Background: Perceptron and Artifical Neural Networks

  • What is a Neural Network? by 3Blue1Brown
  • Invented in 1957 by Frank Rosenblatt at the Cornell Aeronautical Laboratory (original paper), a perceptron is the simplest neural network possible: a computational model of a single neuron. A perceptron consists of one or more inputs, a processor, and a single output. (More to this history
  • NOC Neural Network videos - 10.1 to 10.3 cover the "Perceptron", a model of a single neuron. The Perceptron forms the basis of modern multi-layer deep learning networks.
  • NOC Neural Network chapter 10 - written explanation of Perceptron and accompanying code in 10.1 to 10.4.

p5.js Oscillators

Related projects that map gesture to sound

Machine Learning for Human Creative Practice

ml5.js: Train Your Own Neural Network

Session B: Real-time Data

Objectives:

  • Revisit and examine the concepts of classification and regression as applied to real-time interaction.

Pose Data as inputs to Neural Network

Pixel Data as inputs to Neural Network

Face Data

Project References

Assignment 4 Due Sunday October 4

  1. Watch Machine Learning for Human Creative Practice, Dr.
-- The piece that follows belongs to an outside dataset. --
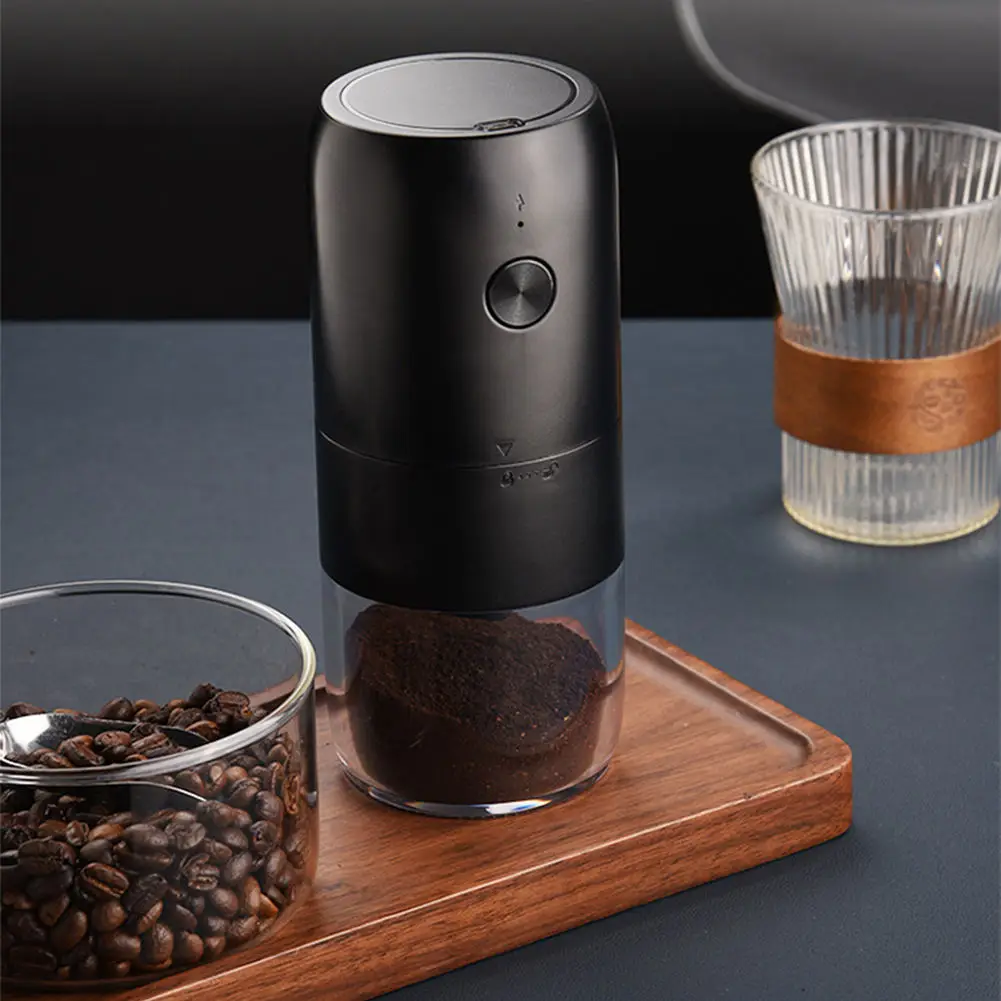 

Electric Coffee Grinder Portable USB Charging Coffee Bean Grinder Stainless Steel Coarse Grains Medicinal Herb Grinding Machine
Rebecca Fiebrink at Eyeo 2018. Write a response to the following question posed by Dr. Fiebrink:
    • How can machine learning support people's existing creative practices? Expand people's creative capabilities?
  2. Dream up and design the inputs and outputs of a real-time machine learning system for interaction and audio/visual performance. This could be an idea well beyond the scope of what you can do in a weekly exercise.
  3. Create your own p5+ml5 sketch that trains a model with real-time interactive data. This can be a prototype of the aforementioned idea or a simple exercise where you run this week's code examples with your own data. Here are some exercise suggestions:
    • Try to invent more elegant and intuitive interaction for collecting real-time data beyond clicking buttons?
    • What other real-time inputs might you consider beyond mouse position, image pixels, or face/pose tracking? Could you use real-time sensor data?
    • What other real-time outputs might you consider beyond color or sound modulation? Could the output be a physical computing device? Multiple outputs like R,G,B values?
  4. Complete a blog post with your response, real-time ML system, and documentation of your code exercise and link from the homework wiki.